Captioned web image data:
+++

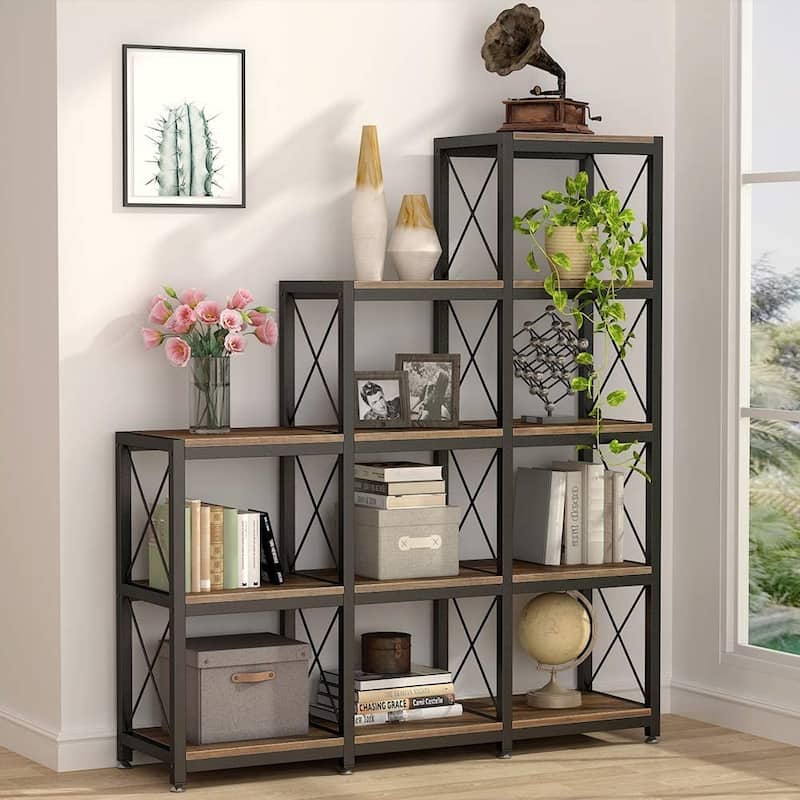 12 Shelves Ladder Bookshelf, Industrial Corner Bookshelf - Black/Brown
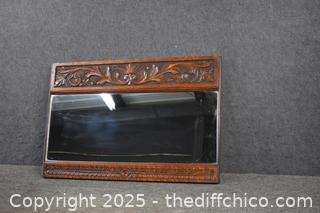 Vintage Framed Hand Craved Mirror-24in x 16in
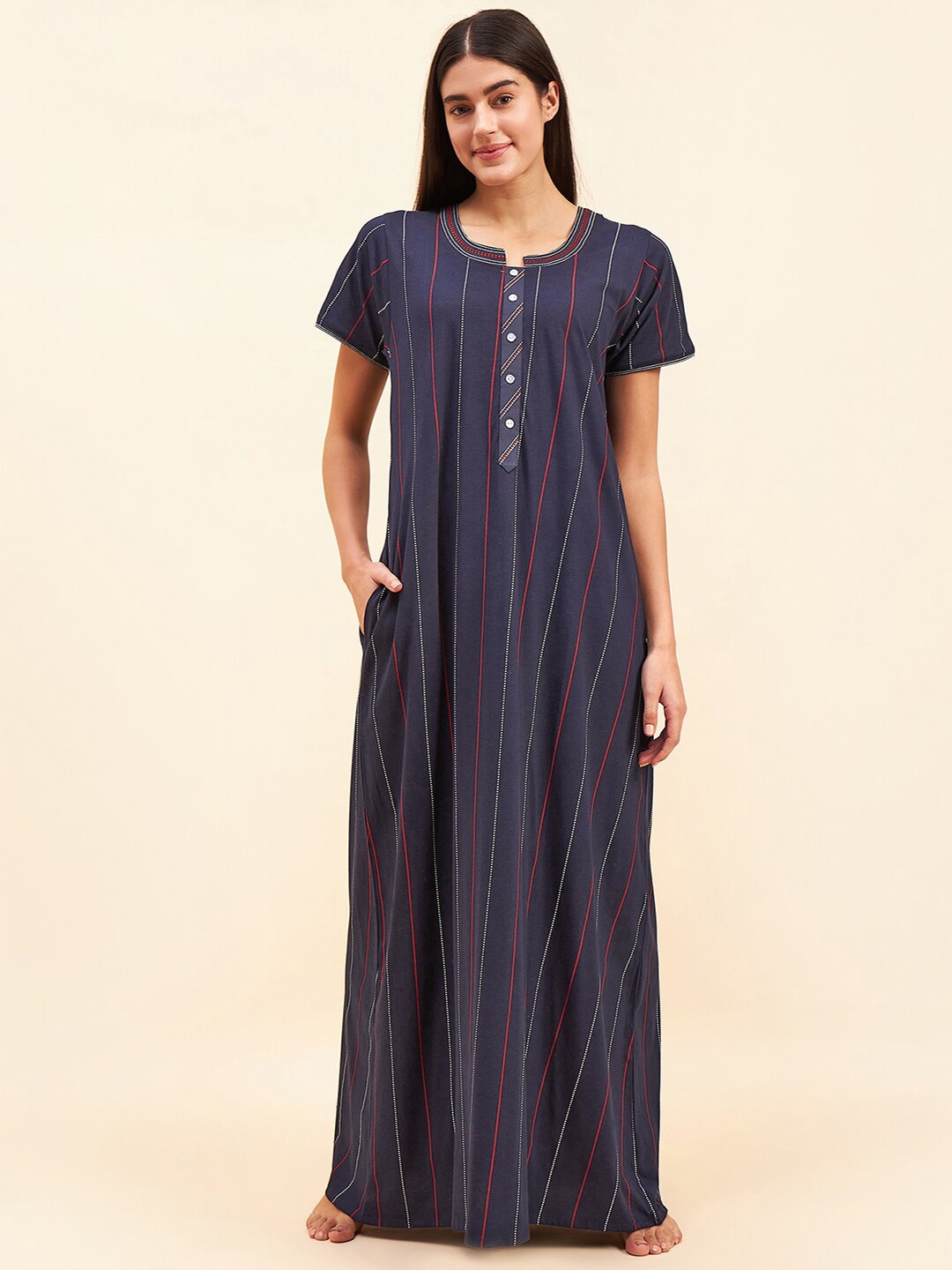 

Sweet Dreams Striped Pure Cotton Maxi Nightdress, Navy blue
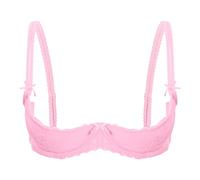Agoky Women's Sexy 1/4 Cup Lace Bra Padded Unlined Underwire Push Up Balconette Every Day Bra Pink M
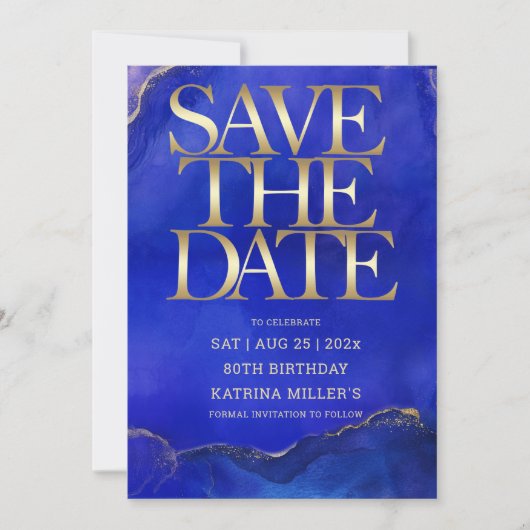 Aanpasbare 80ste verjaardag Save the Date Kaart (Voorkant)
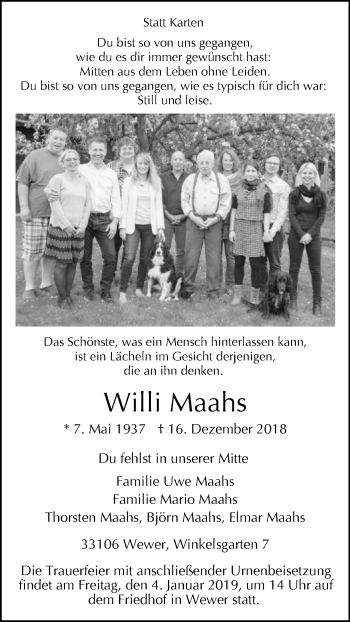 Traueranzeige von Willi Maahs von Westfalen-Blatt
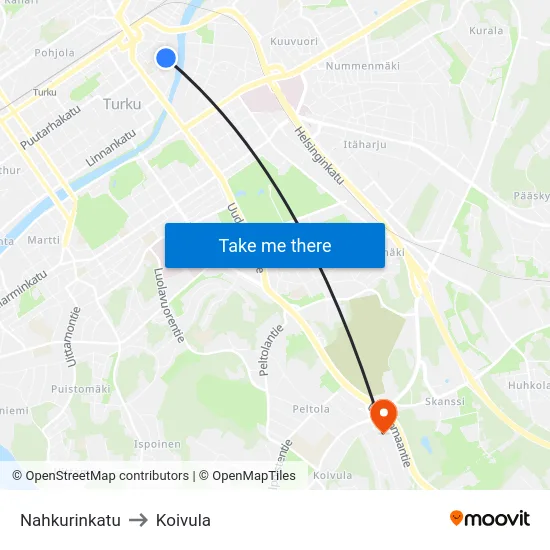Nahkurinkatu to Koivula map
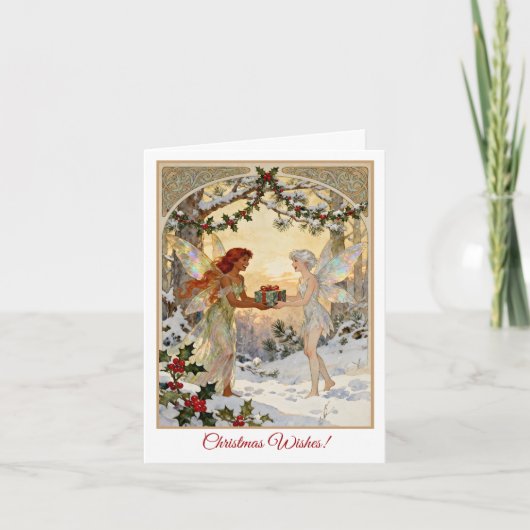 Feen-Geschenkaustausch-Weihnachtskarte Feiertagskarte (Vorderseite)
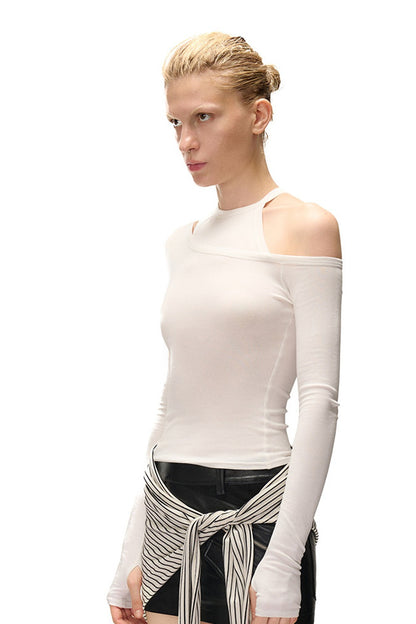 Asymmetrical Halter Off-Shoulder Long-Sleeve Top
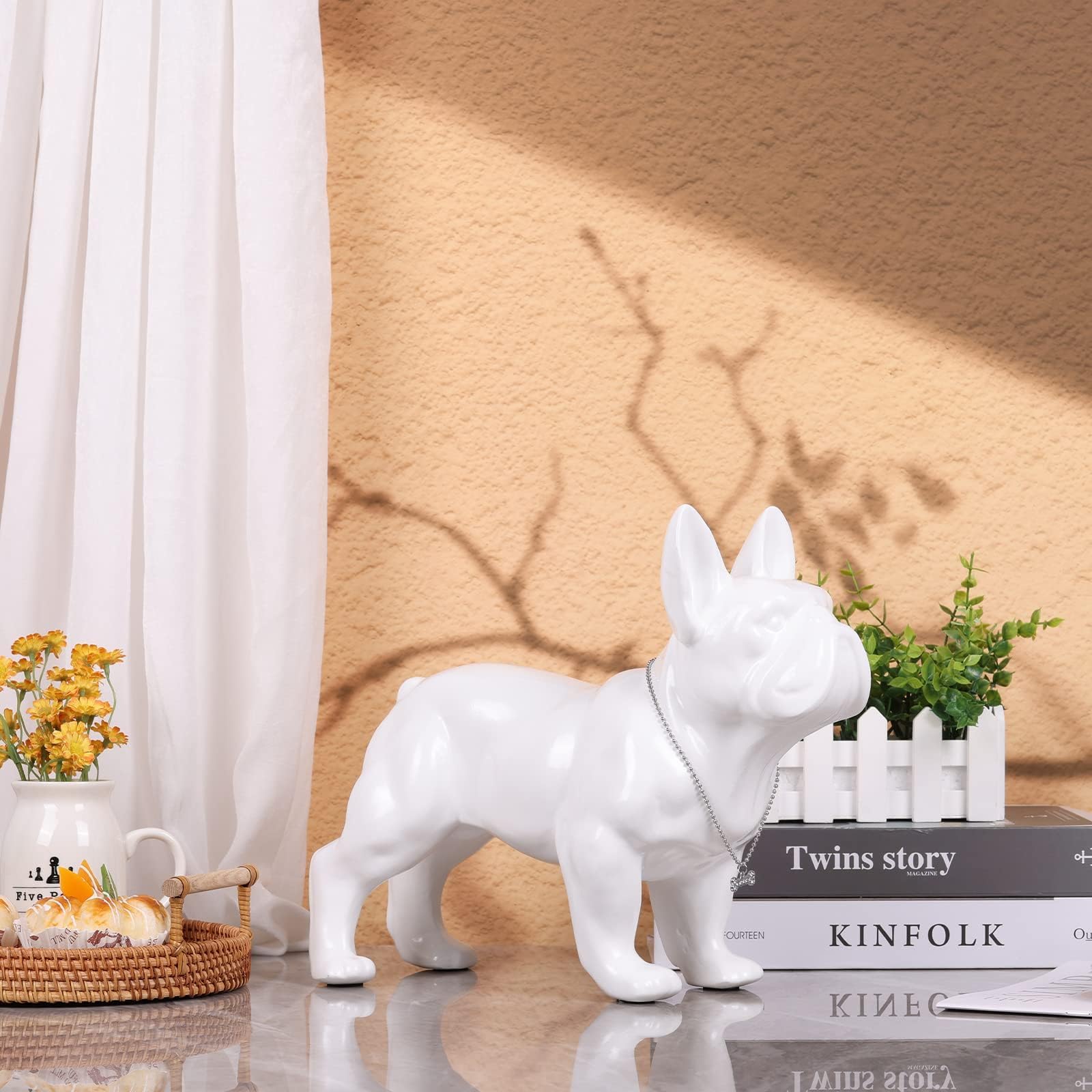Amazon.co.jp: XYQXYQ フレンチブルドッグ像 - カラフルな樹脂製犬の像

+++

## Required action
Restate, exactly as they appear, the line with "Nahkurinkatu to Koivula map" and all the lines after it up to the end of the data above; images do not belong in the copy.

## Finished exercise
Nahkurinkatu to Koivula map
 Feen-Geschenkaustausch-Weihnachtskarte Feiertagskarte (Vorderseite)
 Asymmetrical Halter Off-Shoulder Long-Sleeve Top
Amazon.co.jp: XYQXYQ フレンチブルドッグ像 - カラフルな樹脂製犬の像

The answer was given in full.